En momentos como estos, es difícil no sentirse exasperado como Bendrix. No contra ese Dios en particular, en quien ya no creo, por lo menos del modo en que demandan que se le crea. Pero sí contra esa fuerza informe que algunos llaman destino y otros mala suerte, y que en los últimos años se ensañó con este país, o por lo menos con la mayoría de su gente, que sólo querría vivir modestamente bien y dejar vivir.
A veces miro en derredor y no veo más que gente jodida que goza de impunidad, mintiendo como quien eructa y entregada a la compulsión de hacer daño. Personajes arropados por una cacofonía de voces que repiten sus consignas, sin preguntarse qué significan y si se corresponden con la realidad, porque les basta con saber que esos ruidos irritan y confunden a la gente que odian — o sea, a nosotros. Uno los oye decir cualquiera sin despeinarse y piensa cuán orgulloso estaría aquel a quien conocemos como el Padre de la Mentira, el Señor de las Moscas. (Eso es lo que significa, literalmente, Belcebú.) Esa gente tiene una dedicación tan extenuante al mal, a producirlo y a vociferarlo, que a veces me dan ganas de reescribir a Bendrix, alzar un puño y gritar: "Te odio, Satán, te odio como si existieras".
Graham Greene no era católico por formación. Se convirtió en 1926 para casarse con Vivien Dayrell-Browning, que sí lo era. Pero se tomó el asunto en serio, o al menos encontró en el drama esencial del mito católico un escenario para interpretar su vida, y en consecuencia los dilemas morales que poblarían sus novelas. Cuarto de seis hijos de una familia acomodada —su madre era prima de Robert Louis Stevenson, el autor de El extraño caso del doctor Jekyll y el señor Hyde—, padeció el distanciamiento afectivo propio de la educación inglesa de esos tiempos: estar en manos de una niñera durante todo el día hasta que al caer la tarde te llevan al encuentro de tu madre, que juega y conversa un ratito y enseguida te despacha a dormir. "El primer recuerdo de mi vida —dice Greene en su autobiografía A Sort of Life— es estar sentado en mi cochecito, en lo alto de la colina, con un perro muerto a mis pies". El bicho había sido arrollado en la calle, y a la niñera no se le ocurrió modo más práctico de trasladar el cadáver a casa.
La hipersensibilidad de Greene se exacerbó durante su escolarización, que encontró intolerable a pesar de que —o precisamente porque— su padre era director del establecimiento.

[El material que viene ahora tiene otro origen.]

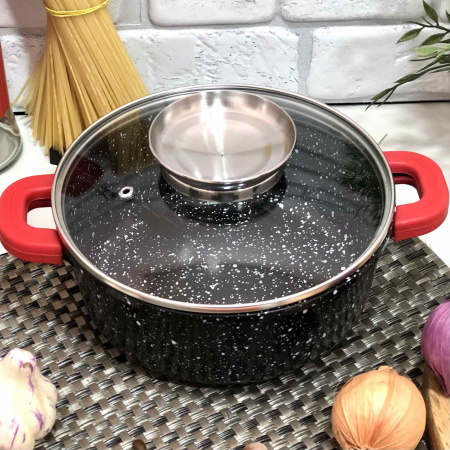 Казан мраморный с силииконовыми ручками 6,7л -1471 (A-Plus) ✅ базовая цена $19.76 ✔ Опт ✔ Скидки ✔ Заходите! - Интернет-магазин ✅ Фортуна-опт ✅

Fue entonces que se le dio por jugar a la ruleta rusa con frecuencia, con un pequeño revólver, "casi femenino", que birló a un hermano. También intentó suicidarse con una sobredosis de aspirinas. Su padecimiento fue tan ostensible que sus padres lo enviaron en 1920 a psicoanalizarse, un ejercicio que la discreción inglesa todavía hallaba escandaloso. Pero le vino bien, y con el tiempo le hizo caso a Freud y consiguió "transformar la miseria histérica en infelicidad común y corriente".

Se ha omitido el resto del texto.